Does anyone have any idea from what I've explained above what exactly I've fried in the amp or what I can do to get it fixed. Returning it to jl probably isn't an option.

I put a DLS ra50 back in and everything worked fine, no problem with the speakers or sub.


So just to clarify at the moment the amp is giving out no audio at all. When I shorted the sub out pins I was playing the 50hz test tone with rotary gain switch at around 10/11pm. I noticed the amber led at this point. I plugged the sub plug back in and a slight but regular popping sound came from the sub. I powered the unit off and back on and when powered on with all speaker plugs connected and rcs's connected it gave the alternating red/green led.

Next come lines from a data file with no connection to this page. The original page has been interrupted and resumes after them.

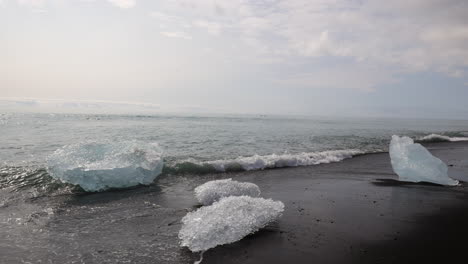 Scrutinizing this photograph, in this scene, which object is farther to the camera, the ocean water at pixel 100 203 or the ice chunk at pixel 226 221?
the ice chunk at pixel 226 221

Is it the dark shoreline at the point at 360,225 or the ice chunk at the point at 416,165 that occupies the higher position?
the ice chunk at the point at 416,165

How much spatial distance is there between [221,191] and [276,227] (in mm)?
1752

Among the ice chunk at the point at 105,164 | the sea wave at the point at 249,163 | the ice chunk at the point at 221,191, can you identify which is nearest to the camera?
the ice chunk at the point at 221,191

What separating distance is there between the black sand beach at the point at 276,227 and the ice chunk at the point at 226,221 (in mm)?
149

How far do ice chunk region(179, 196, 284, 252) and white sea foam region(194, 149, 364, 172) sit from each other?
5.21 m

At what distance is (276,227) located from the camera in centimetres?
511

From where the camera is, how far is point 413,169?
8969mm

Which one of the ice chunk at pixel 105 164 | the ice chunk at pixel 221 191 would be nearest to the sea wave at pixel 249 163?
the ice chunk at pixel 105 164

When powered on with just power, ground and remote connected it also gives the alternating red/green led.......


----------



## starboy869 (Dec 16, 2006)

That's the risk of buying online. 

No warrenty. 

Jl audio will repair, but at a higher price. Can't afford it? That sucks


----------



## adrenalinejunkie (Oct 17, 2010)

Maybe a local can fix your amp...


----------



## duro78 (Dec 24, 2011)

Chris at dbr, notify him he'll tell you most likely what's wrong and quote you a price

Sent from my DROIDX using Tapatalk


----------



## tipptop (Oct 23, 2011)

duro78 said:


> Chris at dbr


Hi, thanks for reply, could you expand on this a little bit more, what is dbr? Excuse my ignorance!


----------



## trojan fan (Nov 4, 2007)

First call JL and get their flat rate repair price, then check some of your local places and compare the prices.... JL would be my first choice even if it cost more.....good luck


----------



## tipptop (Oct 23, 2011)

Found it I think, dB-r electronics???

Yeah shipping to the usa to jl or anyone else over there would not make sense from here.

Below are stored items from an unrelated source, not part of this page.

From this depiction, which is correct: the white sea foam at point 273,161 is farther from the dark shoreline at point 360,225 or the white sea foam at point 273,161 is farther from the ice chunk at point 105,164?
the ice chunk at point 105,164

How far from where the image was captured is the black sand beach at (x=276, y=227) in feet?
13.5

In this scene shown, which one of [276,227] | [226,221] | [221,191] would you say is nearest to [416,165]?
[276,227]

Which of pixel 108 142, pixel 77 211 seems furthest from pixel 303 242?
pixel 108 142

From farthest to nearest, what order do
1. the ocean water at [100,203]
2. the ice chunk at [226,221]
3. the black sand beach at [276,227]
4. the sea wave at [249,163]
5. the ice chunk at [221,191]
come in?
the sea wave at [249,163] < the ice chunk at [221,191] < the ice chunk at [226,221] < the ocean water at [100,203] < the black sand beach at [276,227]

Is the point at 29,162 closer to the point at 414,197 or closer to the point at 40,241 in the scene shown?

Do you think this could be something that is easily repairable, i.e a single blown component that could be replaced with standard components or is this JL Audio tech too complicated to give to a home audio or hifi repair shop to try and fix??


----------



## kyheng (Jan 31, 2007)

That's why sometimes I don't use a MM to set the gain....


----------



## duro78 (Dec 24, 2011)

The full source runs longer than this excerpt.